WHAT YOU WILL DO - Every entry is to be returned as it stands, apart from the pictures.

Extracted data entries

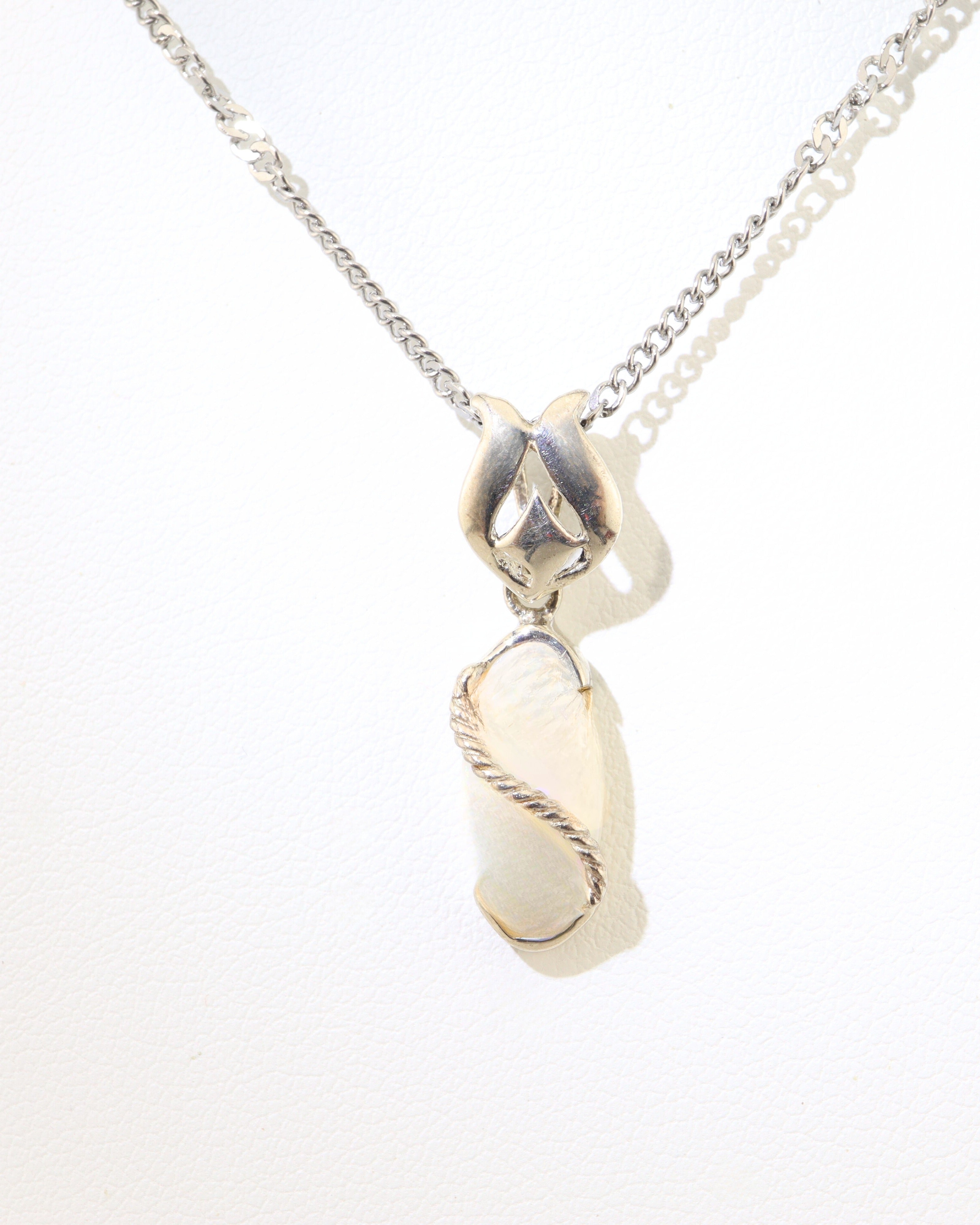 Handmade Australian Solid Coober Pedy Opal Pendant Necklace sterling silver, alternate view
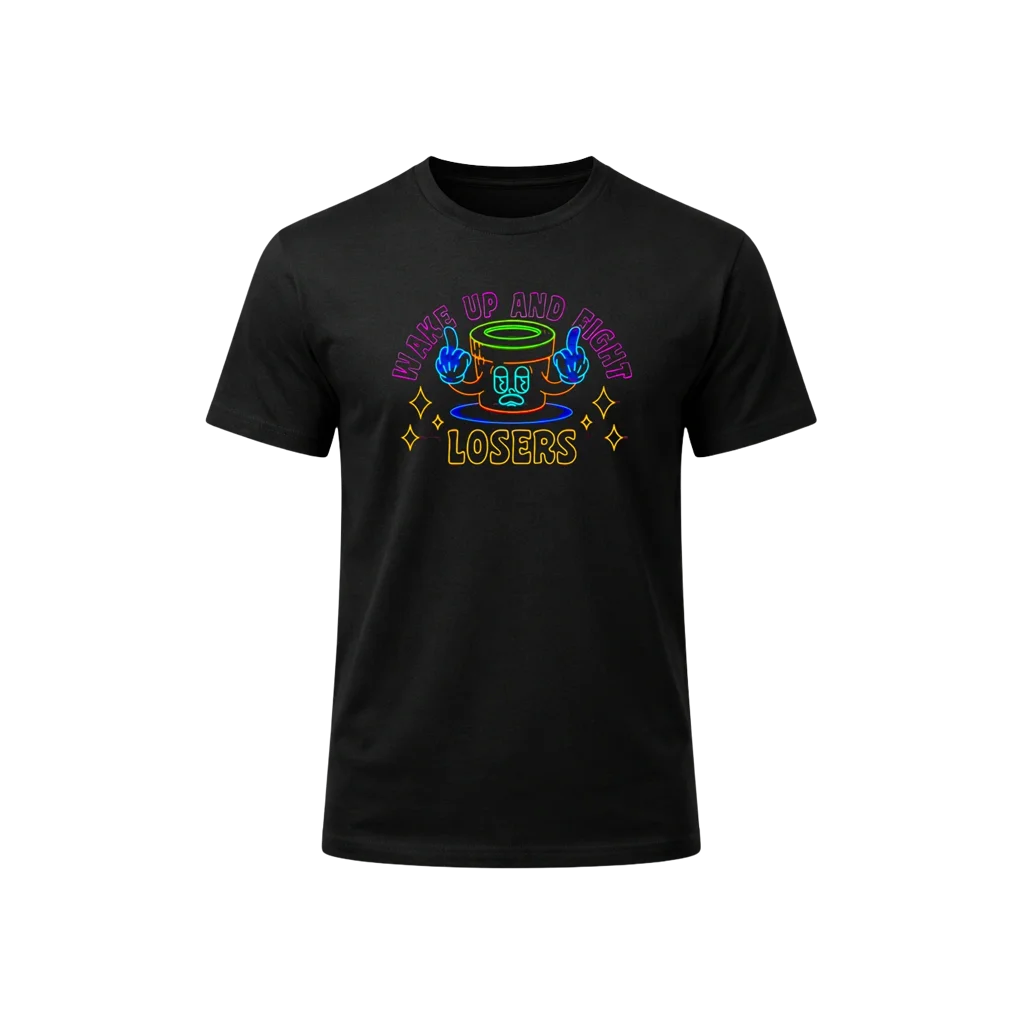 Fight Losers Neon Print Tee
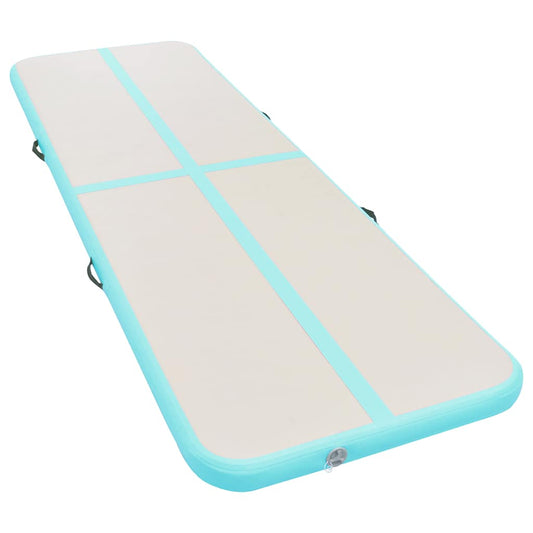 Inflatable Gymnastics Mat with Pump 300x100x10 cm PVC Green Inflatable Gymnastics Mat with Pump 300x100x10 cm PVC Green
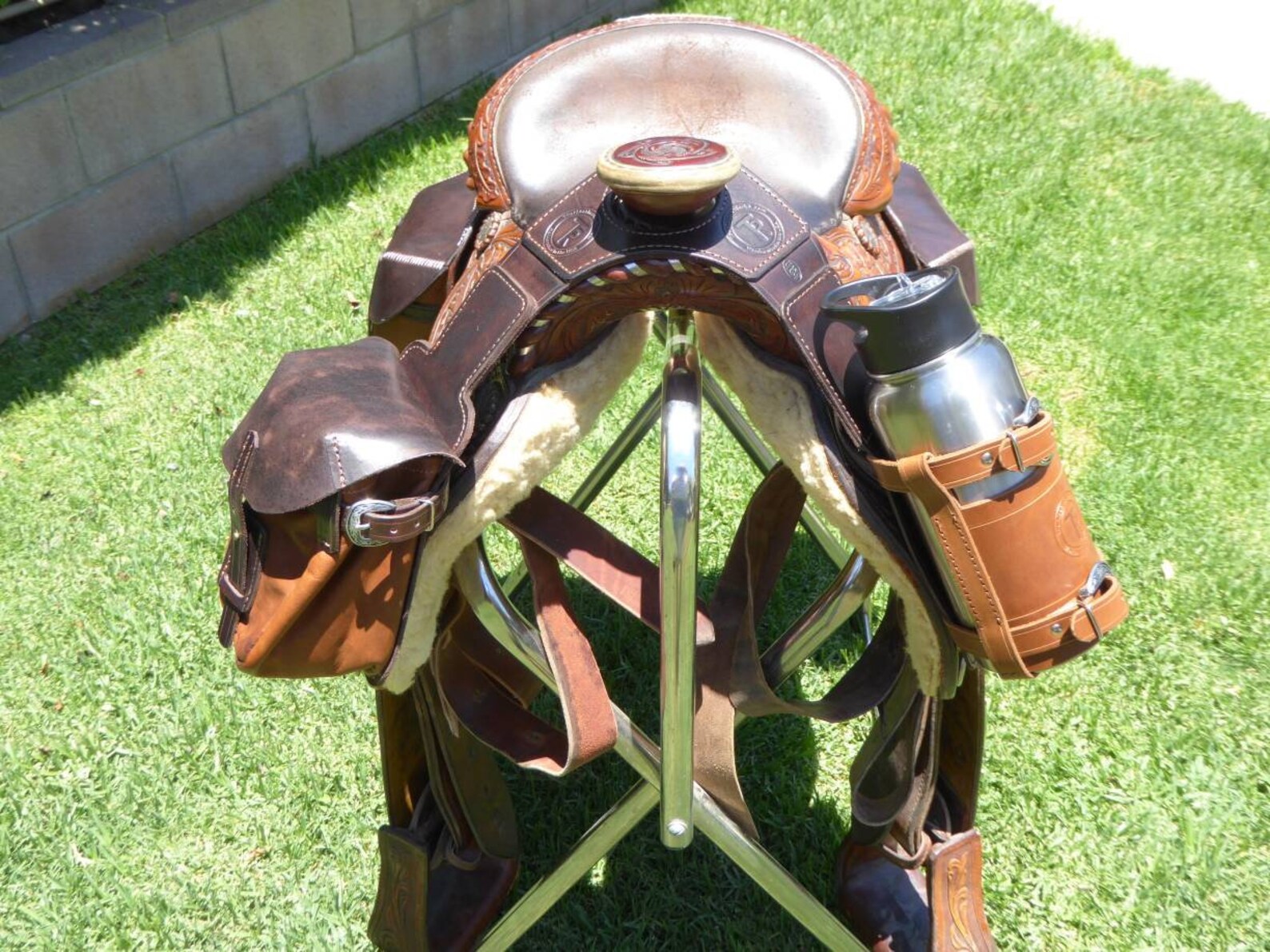 Leather Saddle Bags and Adjustable Drink Holder Pommel Bags Etsy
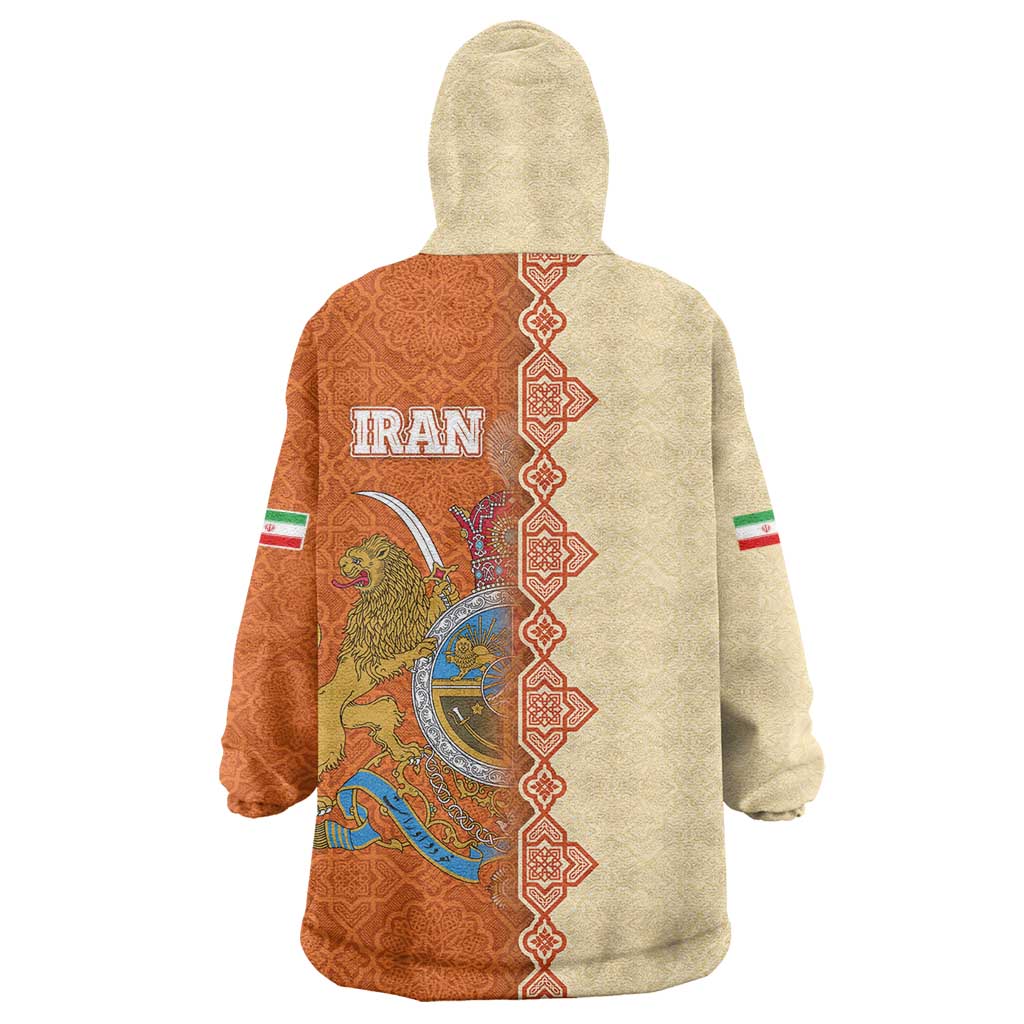 Iran Heritage Wearable Blanket Hoodie with Traditional Pattern and Royal Emblem Design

YOUR RESPONSE -
 Handmade Australian Solid Coober Pedy Opal Pendant Necklace sterling silver, alternate view
 Fight Losers Neon Print Tee
 Inflatable Gymnastics Mat with Pump 300x100x10 cm PVC Green Inflatable Gymnastics Mat with Pump 300x100x10 cm PVC Green
 Leather Saddle Bags and Adjustable Drink Holder Pommel Bags Etsy
 Iran Heritage Wearable Blanket Hoodie with Traditional Pattern and Royal Emblem Design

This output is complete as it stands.